EXERCISE AIM => Pictures are to be left out, and only the lines below starting at the one with "Twenty5A longline cardigan." and ending at the one with "SAC EN TOILE" are to be reproduced, each exactly, both ends included.

AVAILABLE DATA =>

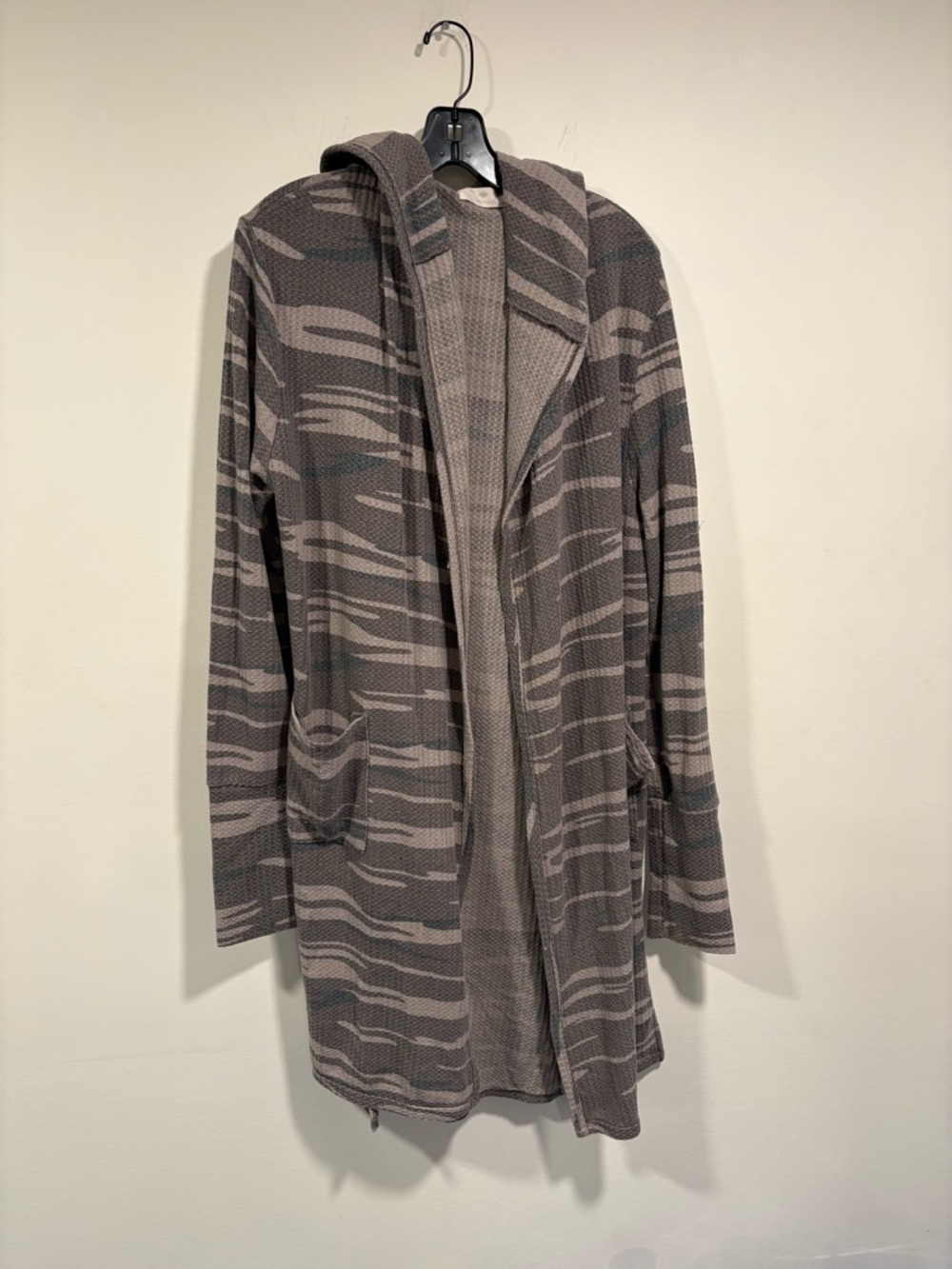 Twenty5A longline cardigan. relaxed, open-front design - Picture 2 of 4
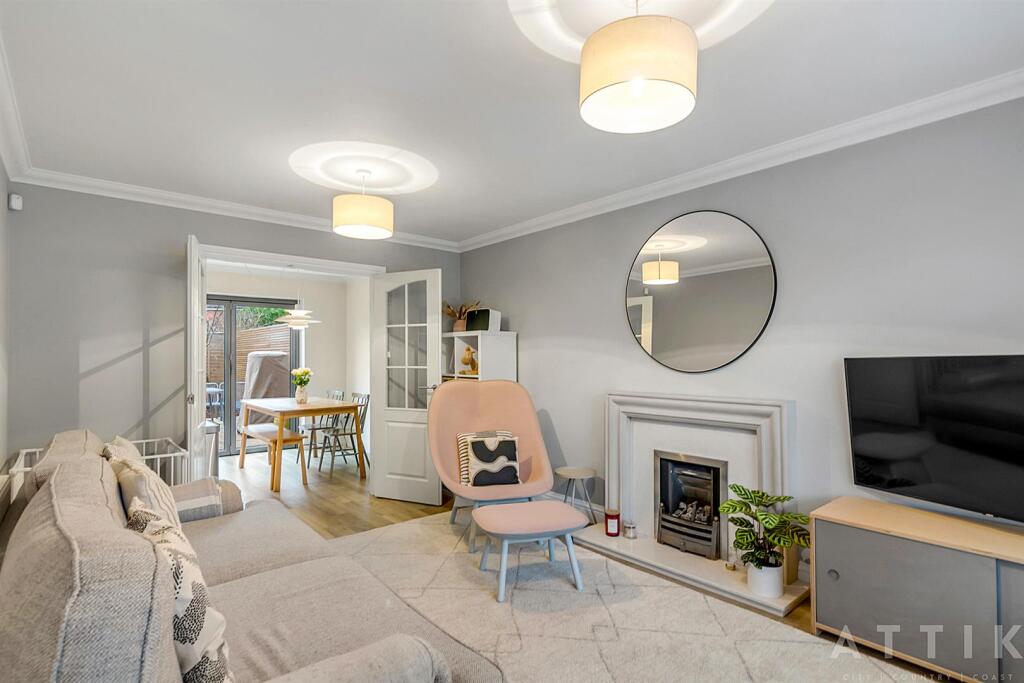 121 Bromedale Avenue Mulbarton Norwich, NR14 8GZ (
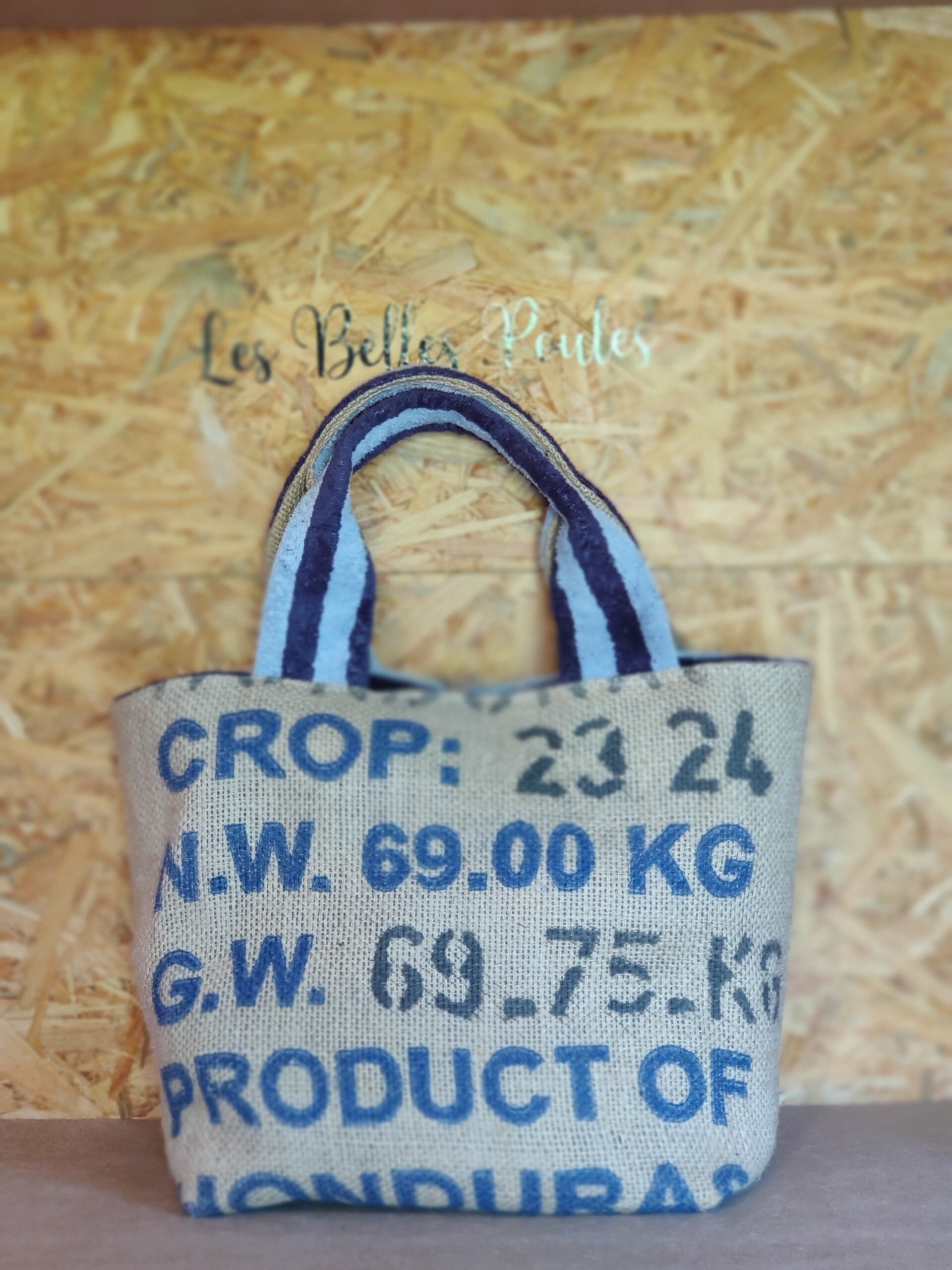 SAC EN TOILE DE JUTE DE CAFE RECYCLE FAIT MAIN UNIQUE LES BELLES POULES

==

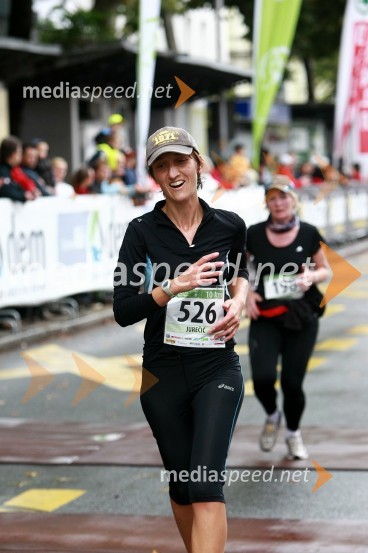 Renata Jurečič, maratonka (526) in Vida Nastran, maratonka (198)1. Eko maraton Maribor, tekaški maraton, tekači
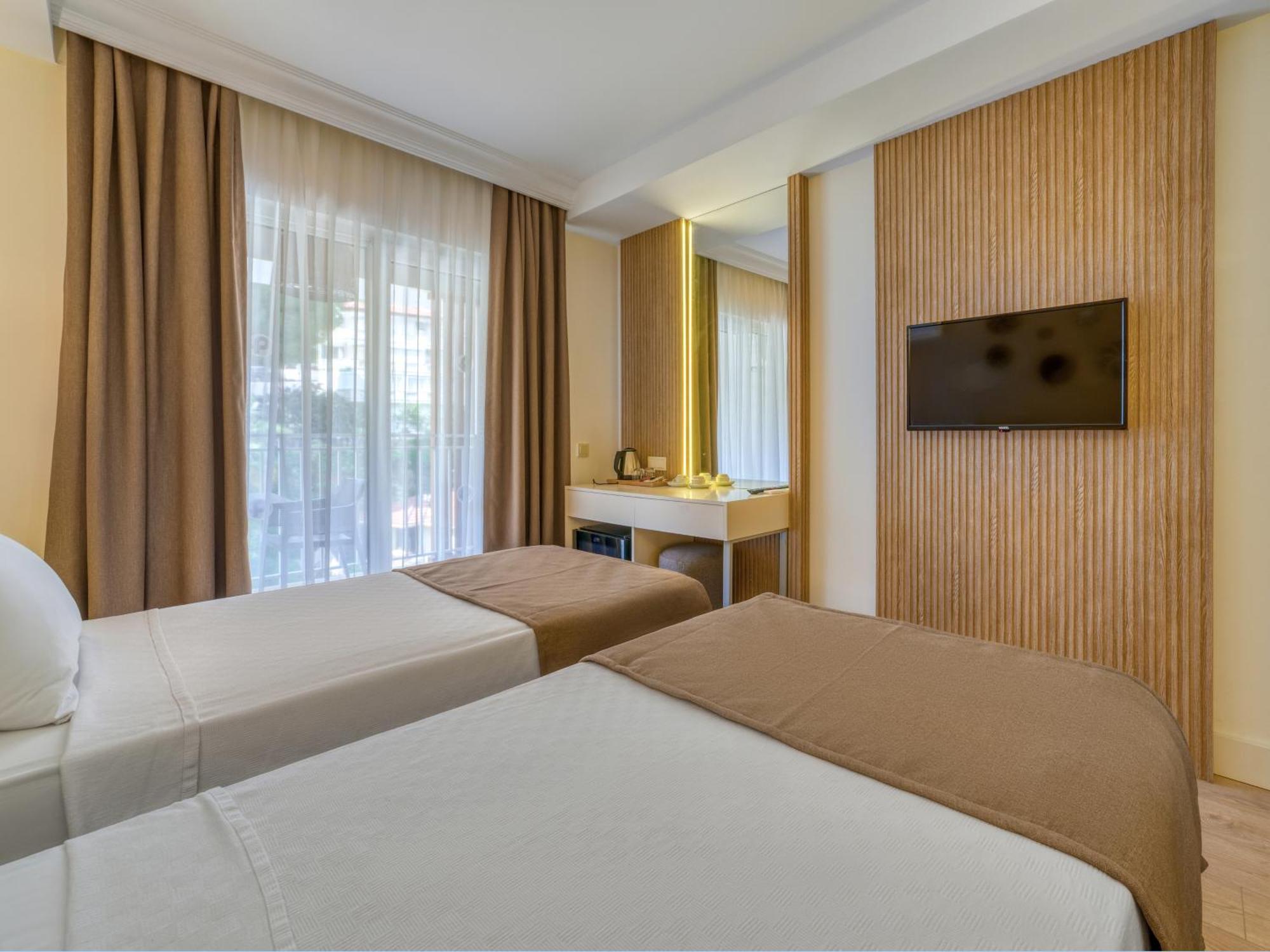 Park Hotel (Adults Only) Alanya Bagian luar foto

--

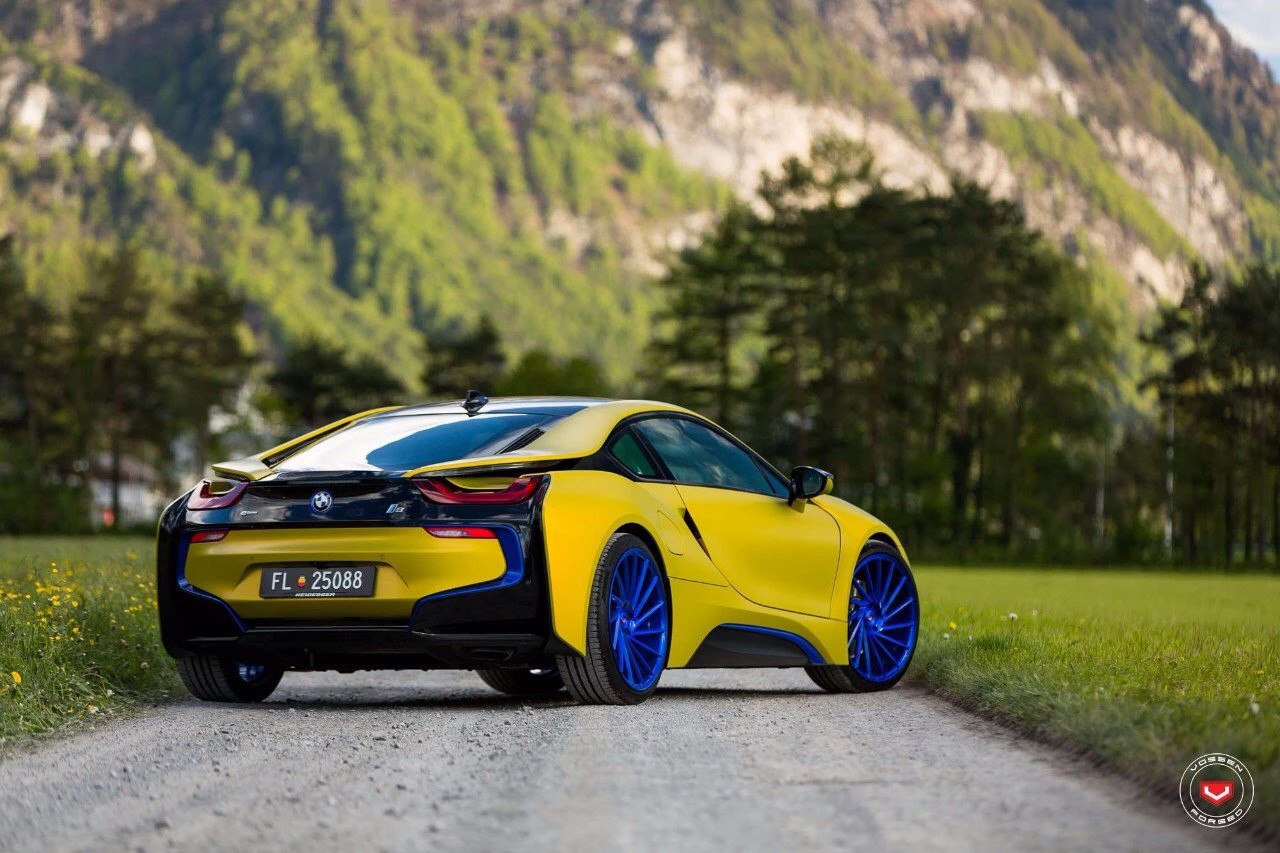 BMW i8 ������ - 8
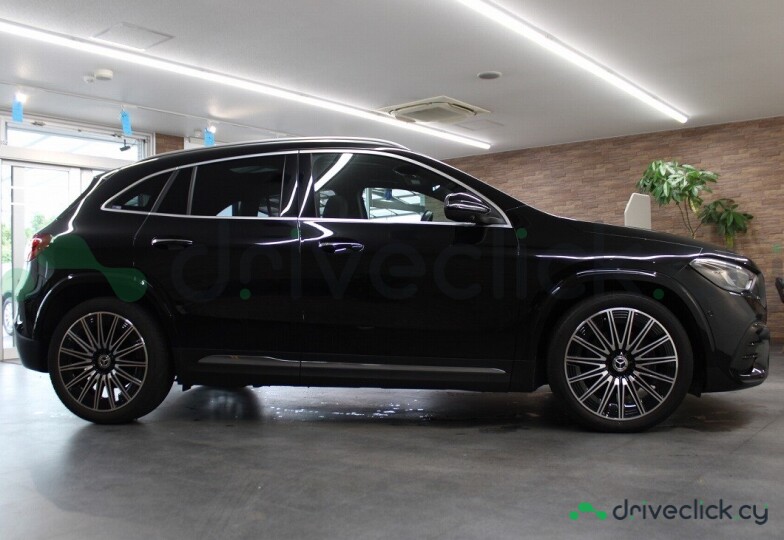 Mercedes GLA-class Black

RESPONSE TO THIS TASK =>
 Twenty5A longline cardigan. relaxed, open-front design - Picture 2 of 4
 121 Bromedale Avenue Mulbarton Norwich, NR14 8GZ (
 SAC EN TOILE DE JUTE DE CAFE RECYCLE FAIT MAIN UNIQUE LES BELLES POULES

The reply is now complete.